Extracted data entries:
===============

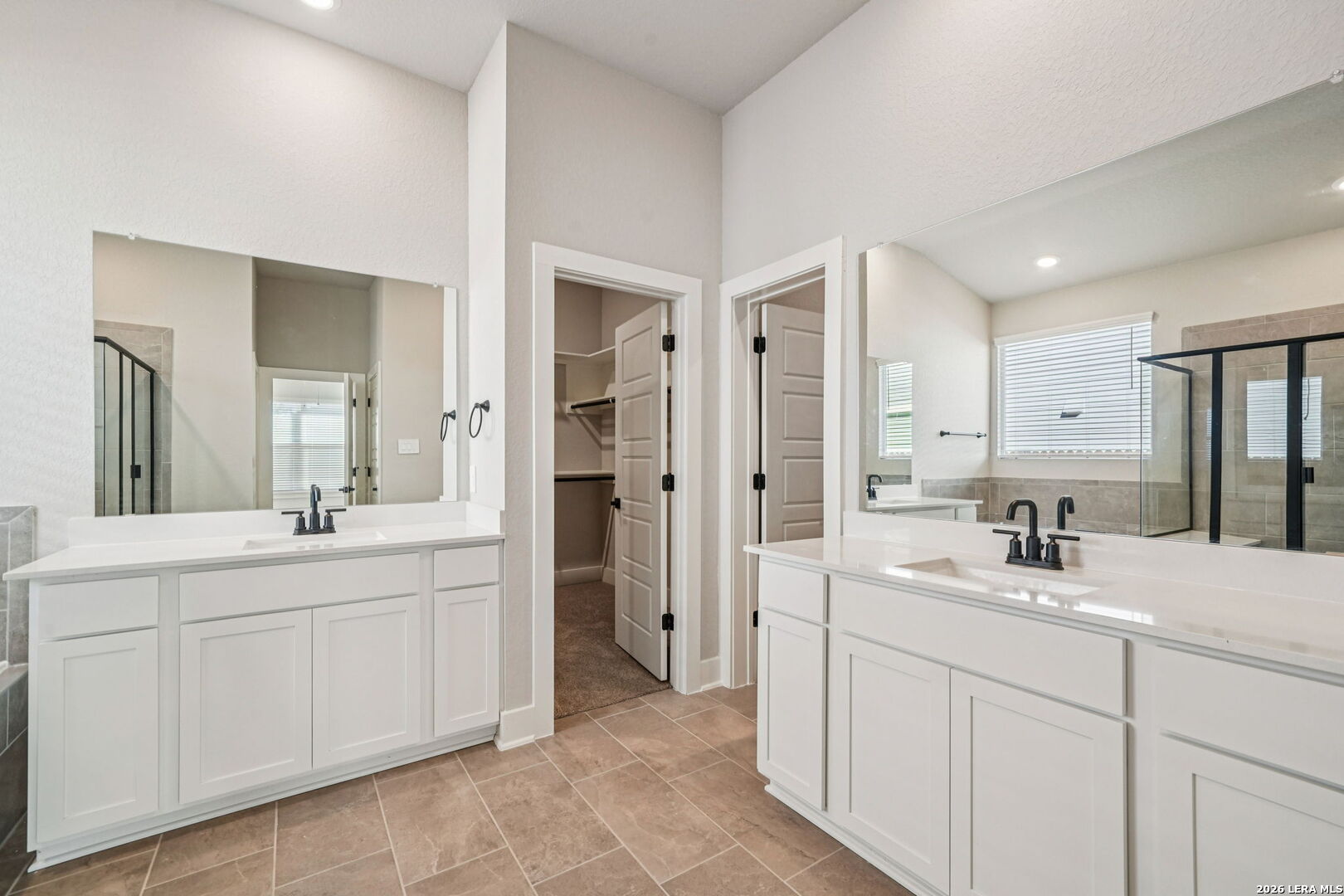 930 Earp Boulevard San Antonio TX 78260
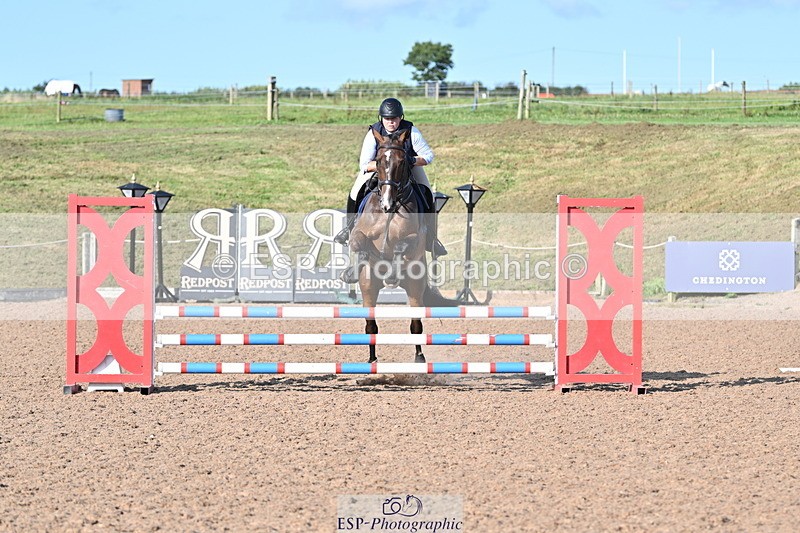 240820A-173218-00647 - Cls 5a 5b & 6 80cm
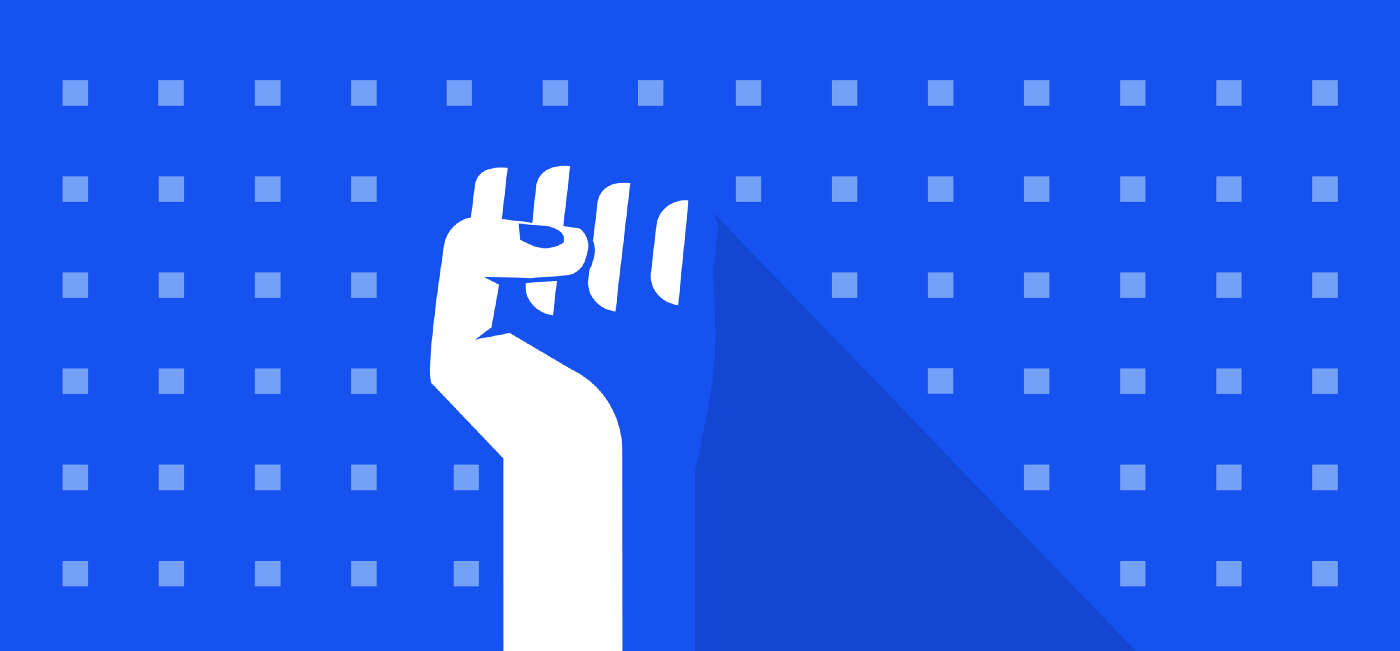 Understanding Web 3 — A User Controlled Internet - A Direction for the Internet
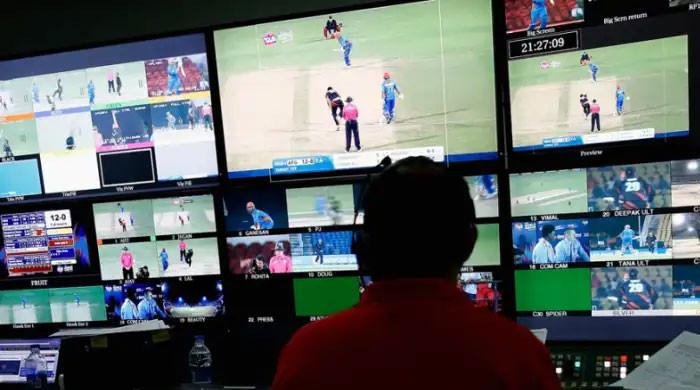 ورلڈ کپ اور  PSL کے حقوق اے آر  وائی کو  دینے میں قوانین کی سنگین خلاف ورزیاں سامنے آ گئیں
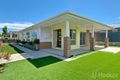 Property photo of 27 Christie Street Googong NSW 2620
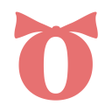 أيقونة البرنامج: Wishbob - Your online wis…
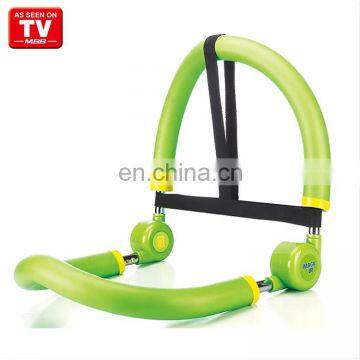 AS SEEN ON TV Multi-purpose Gym Fitness Exercise Equipment Ab Shaper photo-2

===============

What is being asked:
All lines from the one containing "240820A-173218-00647 - Cls 5a 5b & 6 80cm" to the last line of the records above, and no others, should be returned unchanged, without pictures.

Written answer:
 240820A-173218-00647 - Cls 5a 5b & 6 80cm
 Understanding Web 3 — A User Controlled Internet - A Direction for the Internet
 ورلڈ کپ اور  PSL کے حقوق اے آر  وائی کو  دینے میں قوانین کی سنگین خلاف ورزیاں سامنے آ گئیں
 Property photo of 27 Christie Street Googong NSW 2620
 أيقونة البرنامج: Wishbob - Your online wis…
 AS SEEN ON TV Multi-purpose Gym Fitness Exercise Equipment Ab Shaper photo-2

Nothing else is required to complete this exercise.